Image: Pixabay "cubism"
This concept was introduced in a book called "The art of scalability" and it's a very useful way of looking at your application.  It encourages you to picture our application capacity as a cube. In this analogy, if we increase the width, height, or breadth of the cube then we increase our application capacity.

It's particularly useful to consider while you're modelling your domain with a view to decomposing a monolithic application.  The book by Eric Evans "Domain Driven Design" describes the concept of bounded contexts and this plays very nicely into the scale cube concept.

X-scaling, or horizontal scaling

The first dimension we're going to look at is horizontal scaling. This is where we make our cube longer along the X-axis.

When we scale horizontally we create multiple copies of the application and then use a load-balancer to split up the traffic between them.

This is a very easy way to scale your application but it does have some limitations. Firstly it is costly to add more compute to your stack and at some point it won't make financial sense for you to add a new server to your cluster. Secondly, this approach does not address the architecture of your application and as it grows bigger and bigger it becomes harder and harder to manage its performance.

Load balancer
Horizontal scaling is cheap and easy in the early stages but offers a diminishing return that means you'll hit a limit. You can extend that limit and increase the amount of return by using the other two scaling methods in conjunction with horizontal scaling.


Y-scaling is the act of splitting your application into multiple components, each of which is responsible for a set of related functions.
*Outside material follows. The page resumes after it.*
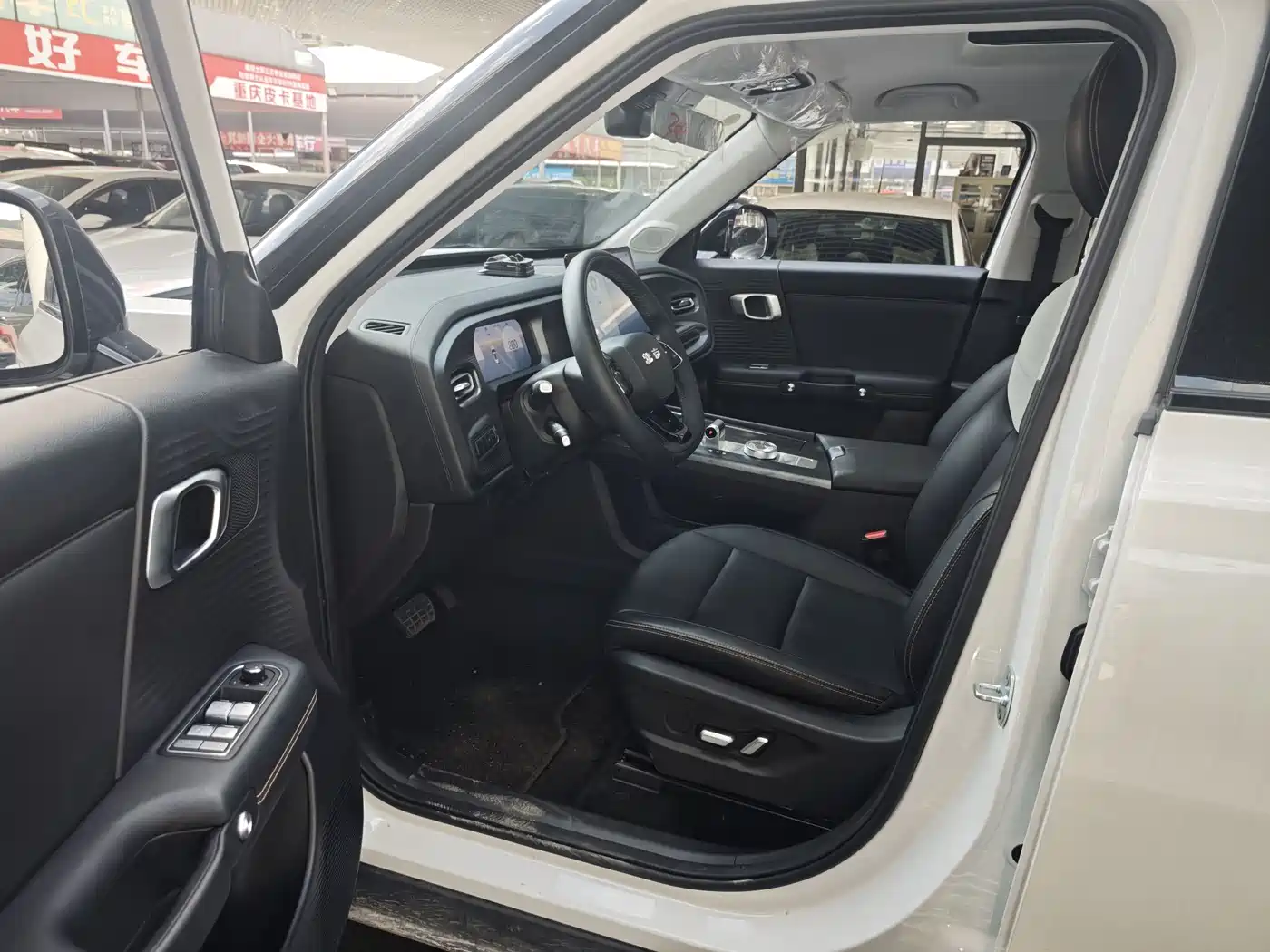 BAIC ORV Beijing Off-Road BJ30 2024 1.5T Light Off-Road Pro Edition фото 7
This can be called modular programming because it breaks your monolithic application into smaller modules which work together to offer the application functionality.

Data sharding
You might not see how this can help your application scale, but in general a small piece of code that is focused on one thing will do that thing quicker than a monolithic application that tries to do everything.

By having your application split into smaller components you'll be able to perform horizontal scaling at a more granular level. You'll find that not all parts of your application are equally busy. For example a feature that lets users automatically tweet what music they're listening to might not be used nearly as much as a recommendation engine that suggests music to them.
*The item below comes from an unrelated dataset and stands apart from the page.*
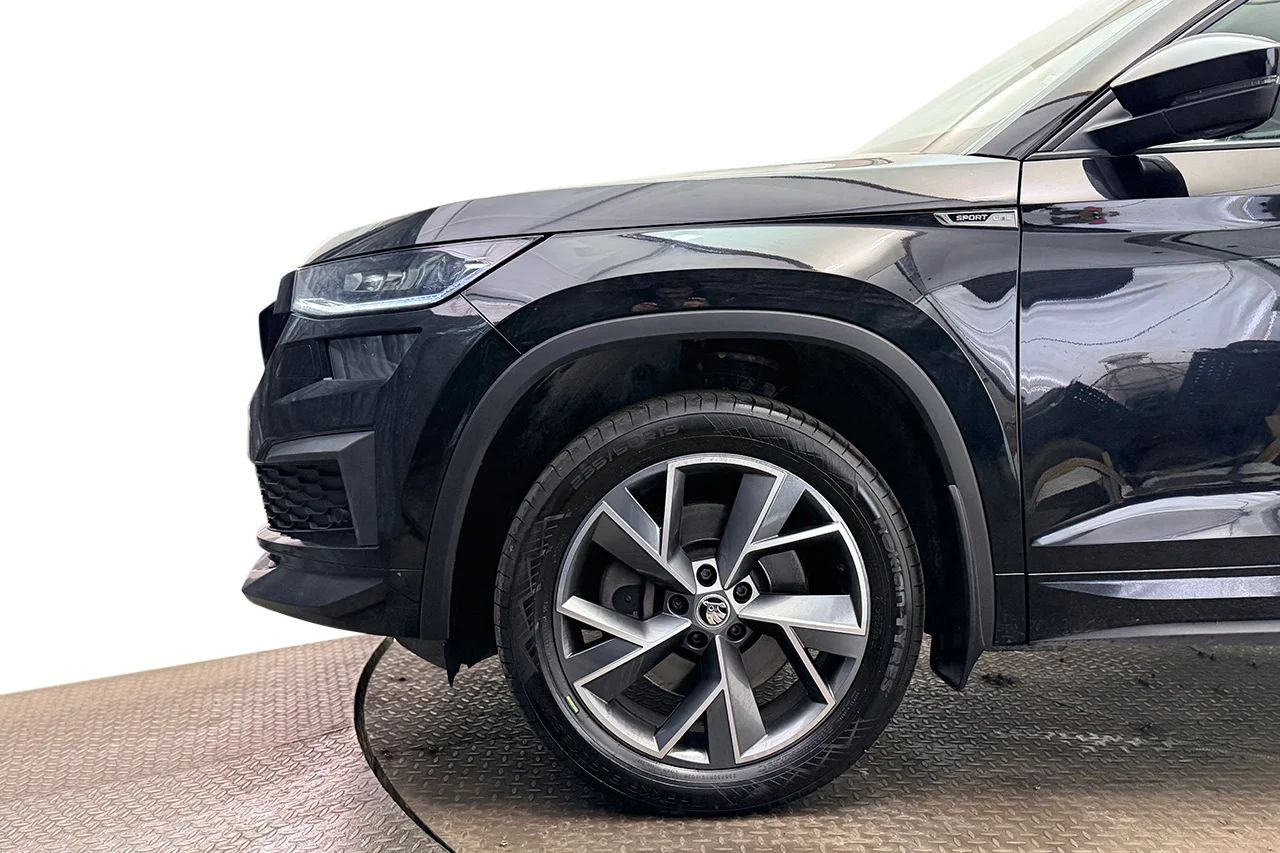 Skoda Kodiaq 2.0 TDI 4x4 Sportline Drag Värmare CANTON Stolminne MOMS 200hk – bild 9 av 40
Instead of having to create a new copy of your entire application you'll be able to create new instances of the individual components that are experiencing load. This improves the cost efficiency of horizontal scaling and extends the limit to which you can afford to scale up.


Z-scaling involves splitting up responsibility for different parts of the data. You deploy multiple copies of your application, but each one becomes responsible for just a part of the data set. In other words you partition your data and then assign a server to a particular group of your data.

For example, you could set up three different servers each of which is devoted to serving only certain customers based on their surname. When a request arrives at your application your router will determine which of the servers is intended for that user and send the request accordingly.

If you compare this to X-scaling you'll notice a similarity in that you have deployed multiple identical copies of your application. The difference is that now instead of having a load balancer send traffic to any server you will be consistently routing traffic to a particular server based on your sharding rules.

There are several downsides to Z-scaling. It doesn't help with reducing your application complexity because a full version is still deployed on each server. In fact it's probably going to make your application more complicated to understand because you have the additional problem of having your data in pieces.

The advantage of sharding is that it gives you another way to tune the application stack to match the load. It also has the effect of isolating failure to one part of your application; If a shard goes down then traffic that is destined for other shards will continue to flow. This improves the fault tolerance of your architecture.

Bringing it together

The scale cube is useful for looking at different dimensions and opportunities for scaling. Horizontal scaling is the cheapest option initially but offers diminishing returns and eventually will no longer be an option. The other two dimensions are more expensive to perform but will be necessary for you to offer a truly scalable solution.